Courtesy photo.

As extreme cold weather persists across the 14 states in the Southwest Power Pool's balancing authority area, electricity use has exceeded available generation. The grid operator declared an Energy Emergency Alert Level Three at 10:08 Central Time on Feb. 15, when it was forced to begin relying on required reserve energy.

After exhausting the available reserve energy SPP has now directed its member utilities to implement controlled interruptions of service to prevent further, more widespread and uncontrolled outages.

"In our history as a grid operator, this is an unprecedented event and marks the first time SPP has ever had to call for controlled interruptions of service," said SPP Executive Vice President and Chief Operating Officer Lanny Nickell. "It's a last resort that we understand puts a burden on our member utilities and the customers they serve. But it's a step we're consciously taking to prevent circumstances from getting worse, which could result in uncontrolled outages of even greater magnitude."

SPP has instructed its member transmission system operators to reduce electricity demand by an amount needed to prevent further uncontrolled outages. Individual utilities will determine how best to curtail their use by the required amount based on their own emergency operating plans.
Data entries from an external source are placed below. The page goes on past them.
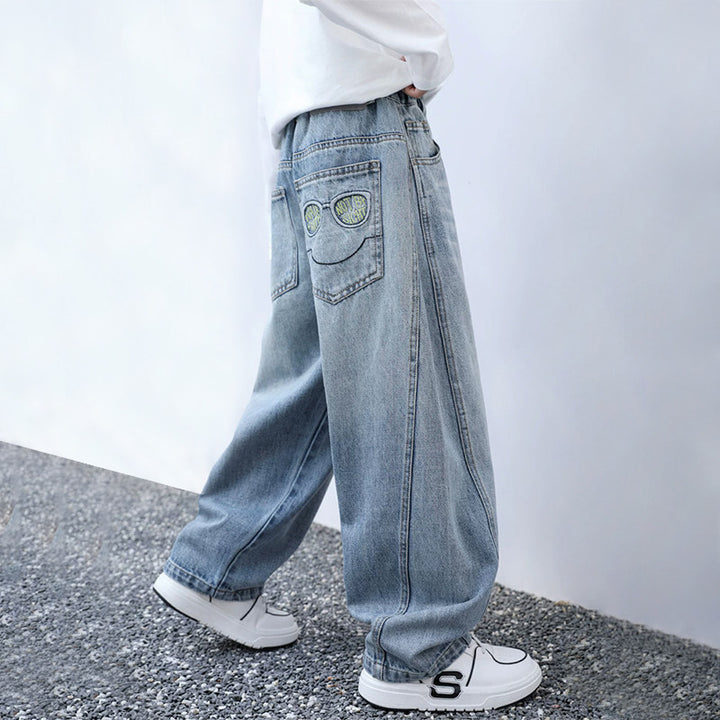 Jungen lässige Denim-Hose mit einzigartigem Smile-Print Drune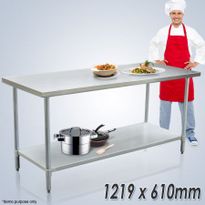Kitchen Prep Table Cater Work Bench Table Stainless Steel W/Adjustable Feet -1219mmx610mm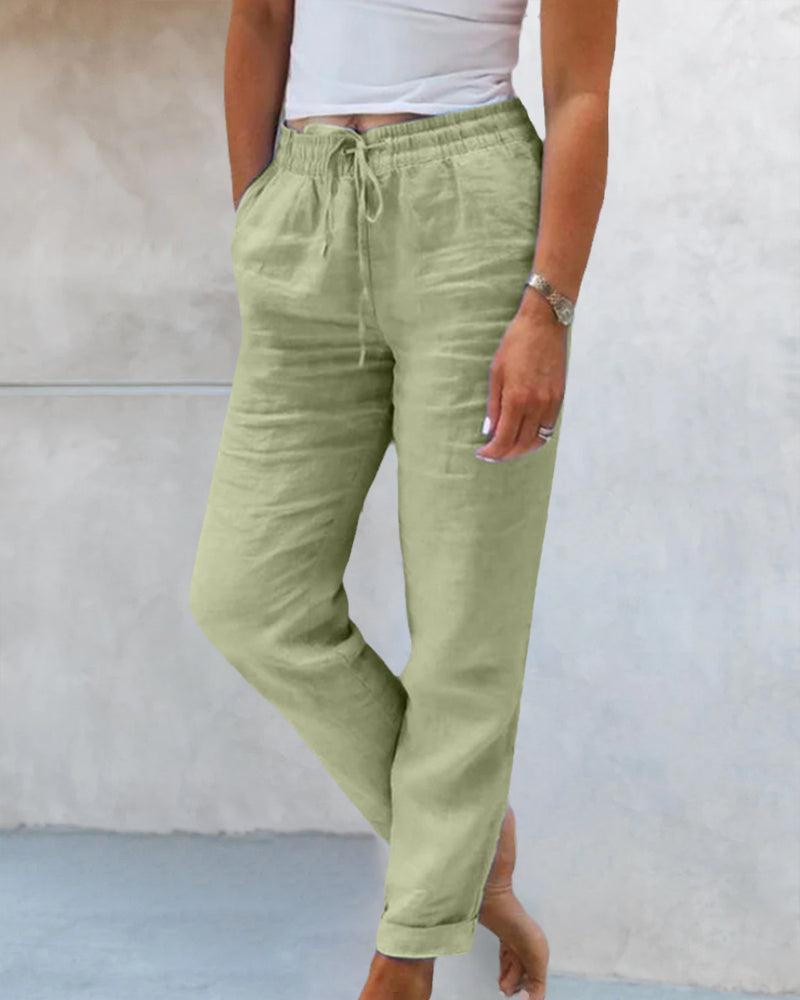 Pantalones de ocio para mujer - Cordón - Cropped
While SPP and its member companies work to restore the regional power grid to full capacity, consumers are urged to reduce electricity use both at home and work.
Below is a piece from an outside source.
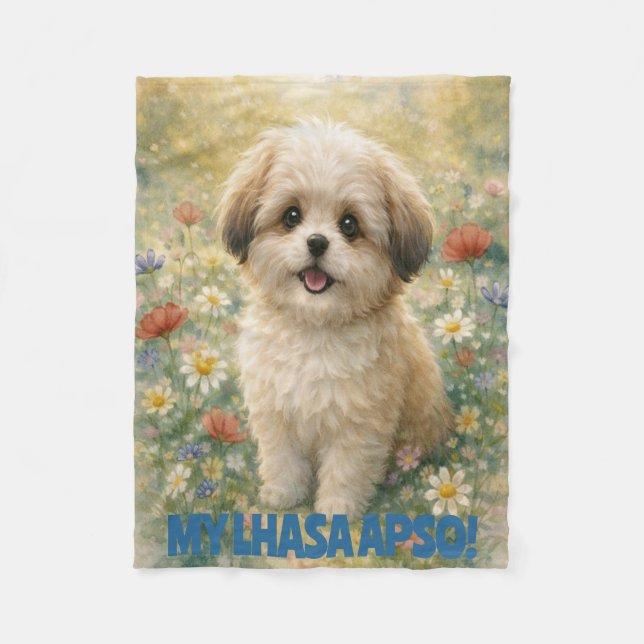 Velo Cobertor de Fleece para Filhote de Lhasa Apso (Frente)
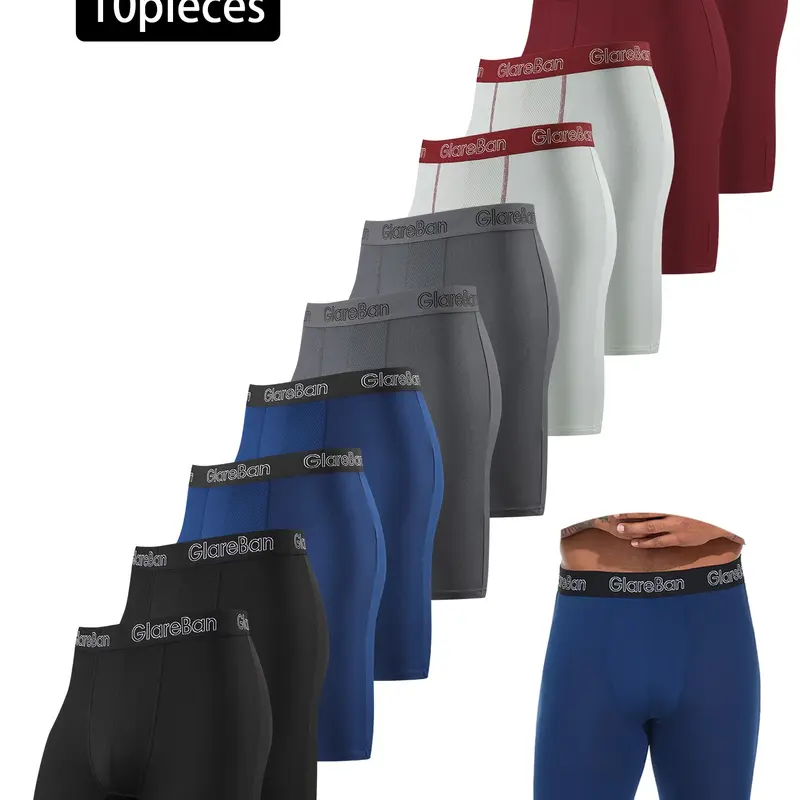 10pcs Long Leg Sports Boxer Shorts for Men, Quick-Dry Soft Underwear, Comfortable Male Underpants, Sports Fitness Underwear, Polyester Fabric Underwear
Victory Electric in southwest Kansas was notified by SPP and Sunflower Electric that rolling outages had begun the morning of Feb. 15, first in Spearville and Wright, then continuing in the Ensign area. The outages are expected to last up to an hour and may happen without warning.
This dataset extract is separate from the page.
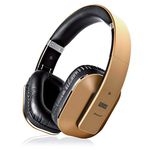 August EP650 Bluetooth Wireless Over Ear Headphones with aptX LL Low Latency/Multipoint/NFC / 3.5mm Audio in/Headset Microphone - Gold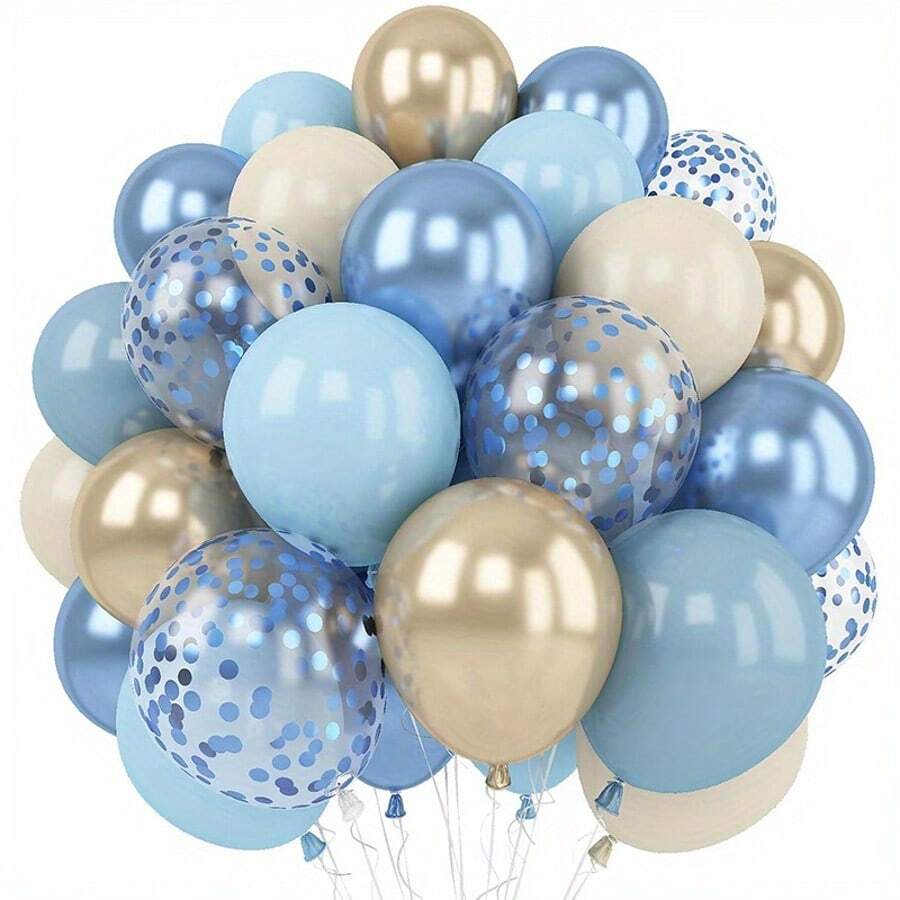 55 Stück 10 Zoll Grau-Blau Sand-Weiß, Hellblau, Metall-Gold Latexballons und blaue Glitzerballons, Aluminiumfolie Glitzerballon geeignet für Geburtstage, Hochzeiten, Babypartys, Abschlussfeiern, Brautparty Dekorationen, Geschlechtsanzeige Dekorationen. - graublau - Übersicht 1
A Sunflower Electric release stated, "Unfortunately, because the controlled power interruptions are not coordinated at the distribution level, Victory Electric cannot predict exactly where and when each controlled interruption will happen, but we do know members should prepare for and expect interruptions to last anywhere from 30 minutes to 1 hour. Controlled service interruptions are a last resort and a step that is only taken when necessary to safeguard the reliability of the regional grid."